Вся эта шутовская возня Екатерины с Вольтером ли, с Дидро ли, даже с Руссо была по сути совсем не шуточным занятием.
Екатерина искала идеологический фасад для своей «империи фасадов», старалась увенчать свою потемкинскую деревню башенкой с золотым петушком заводного механического «вольтерьянства», который одновременно и глаза отводил всякому, допущенному глазеть издалека на «русское чудо», и дело свое делал бы, поскольку им можно было вертеть, как хочешь, указывая всем на истинных «врагов просвещения». Репрессируя «своих» Радищева и Новикова, Екатерина как бы стремилась заместить их перлюстрированными на таможне Вольтером и Дидро. Вот почему так долго продолжали бушевать страсти вокруг темы «екатерининских времен», вот почему, в частности, вслед за именами таких «хулителей» Екатерины, как князь Щербатов, Радищев и Пушкин, можно поставить имена Герцена и Щедрина. И своим монументально бурлескным «Городом» Щедрин, наконец, воздвиг чудовищно-смехотворное надгробие над самой идеей просвещенного деспотизма вообще — на все времена. И монумент пустил корни в историю, зажил, даже заговорил…
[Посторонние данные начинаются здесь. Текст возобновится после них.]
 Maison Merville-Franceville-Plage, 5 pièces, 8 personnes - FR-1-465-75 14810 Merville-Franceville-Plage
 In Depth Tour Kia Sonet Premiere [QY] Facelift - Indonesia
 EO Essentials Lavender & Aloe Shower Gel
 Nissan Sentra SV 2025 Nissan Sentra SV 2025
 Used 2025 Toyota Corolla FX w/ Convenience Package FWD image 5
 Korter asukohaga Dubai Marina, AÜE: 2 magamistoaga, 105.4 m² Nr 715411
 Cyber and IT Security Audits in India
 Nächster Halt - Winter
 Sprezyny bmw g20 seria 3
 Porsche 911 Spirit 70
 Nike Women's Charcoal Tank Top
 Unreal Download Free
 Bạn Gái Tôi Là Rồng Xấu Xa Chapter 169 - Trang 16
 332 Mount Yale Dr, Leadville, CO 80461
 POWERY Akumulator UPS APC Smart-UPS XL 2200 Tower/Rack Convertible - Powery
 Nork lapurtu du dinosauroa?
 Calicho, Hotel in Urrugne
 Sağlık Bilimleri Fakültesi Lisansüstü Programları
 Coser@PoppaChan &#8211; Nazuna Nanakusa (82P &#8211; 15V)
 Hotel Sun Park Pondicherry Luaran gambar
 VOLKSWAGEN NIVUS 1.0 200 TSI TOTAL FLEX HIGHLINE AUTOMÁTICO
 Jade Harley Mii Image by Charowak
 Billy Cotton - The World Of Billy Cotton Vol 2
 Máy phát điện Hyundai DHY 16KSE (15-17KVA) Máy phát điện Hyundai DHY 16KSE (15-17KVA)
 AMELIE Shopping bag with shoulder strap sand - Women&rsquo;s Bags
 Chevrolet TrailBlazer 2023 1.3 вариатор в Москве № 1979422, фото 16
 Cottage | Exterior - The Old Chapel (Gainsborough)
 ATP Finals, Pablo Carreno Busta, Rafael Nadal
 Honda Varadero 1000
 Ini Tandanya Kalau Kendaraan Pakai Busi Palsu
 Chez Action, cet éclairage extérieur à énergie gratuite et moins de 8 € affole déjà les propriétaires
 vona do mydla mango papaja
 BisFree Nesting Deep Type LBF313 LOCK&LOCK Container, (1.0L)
«…Случалося мне слышать от одной части моих сограждан изречение такое: правосудия нет. Сие родило во мне любопытство узнать, от чего бы такий вред к нам вкрался? и справедливы ли жалобы о неправосудии? наипаче тогда, когда всякий честный согражданин признаться должен, что может быть никогда и нигде где, какое бы то ни было правление, не имело более попечения о своих подданных, как ныне царствующая над нами Монархиня имеет о нас, в чем ей, сколько нам известно и из самых опытов доказывается, стараются подражать и главные правительства вообще. Мы все сомневаться не можем, что Ей, Великой Государыне, приятно правосудие, что Она Сама справедлива и что желает в самом деле видеть справедливость и правосудие в действии по всей ее обширной области. О том многие изданные манифесты свидетельствуют, а наипаче наказ комиссии уложения, где упомянуто в 520 отделении, что никакой народ не может процветать, если не есть справедлив».
Щедрин!
Нет. Это фрагмент из журнальной статьи самой императрицы.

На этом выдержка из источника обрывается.